Puis voilà le jour du départ... on traîne à faire nos sac et ranger, faire le ménage... Tellement qu'on se retrouve en retard, à peine le temps de faire une bise à Anastasia, Sergey introuvable, il faut filer bon train pour attraper la navette nous ramenant au ferry, qui aura finalement une heure de retard... Au final, les « au revoir » sont moins difficiles comme ça. Il est tellement difficile de quitter ce petit coin de paradis que nous sommes convaincus d'y revenir très vite !



En arrivant à Irkutsk, nous retrouvons nos couchsurfers ainsi que Flo, Carole et Jean-Marie, et nous partons nous régaler dans un restaurant où nous avons l'opportunité de goûter à quelques unes des dernières spécialités russes comme la liqueur de radis noir!

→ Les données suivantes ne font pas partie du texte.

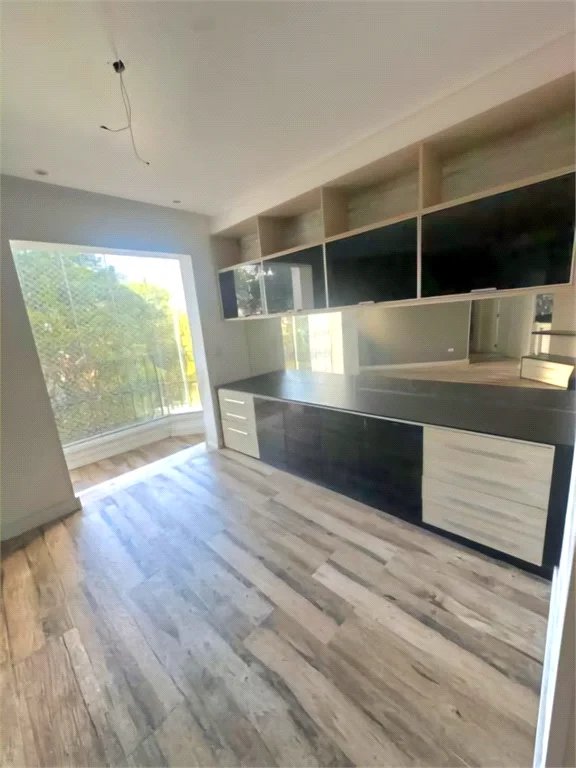 Apartamento ao lado da USP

Le lendemain, la visite d'Irkutsk est fortement compromise par de vilaines giboulées de neige alors que la veille nous nous baladions en débardeur... Partis se mettre au chaud dans un café cocoon que nous avions découvert à notre dernier passage, nous programmons notre arrivée en Mongolie qui doit se dérouler deux jours après. Une mauvaise nouvelle est arrivée : notre hôte à Oulan baator est malade et ne pourra pas nous recevoir... Et puis il nous reste encore à trouver des sous-bocs avec écriture cyrillique pour la collection de Damien ! C'est ainsi que nous faisons la connaissance de deux jeunes russes qui nous mènent de bars en bars pour tenter de trouver le graal.
Mais après une heure de recherches sans succès, il est manifeste qu'il n'existe pas de sous-bocs fabrication Russie. Nous leur expliquons alors que nous devons interrompre ici cette rencontre très sympa malgré l'échec et la promesse d'une éventuelle très bonne soirée à venir. Déçus, ils décident alors de nous écrire un ptit mot sur des sous-bocs de bières russes que nous avons en notre possession : un souvenir bien plus précieux !!


Il est grand temps de rejoindre Maria et son mari pour un dernier salut et filer à la gare attraper notre trans-mongolien. Au revoir la Russie !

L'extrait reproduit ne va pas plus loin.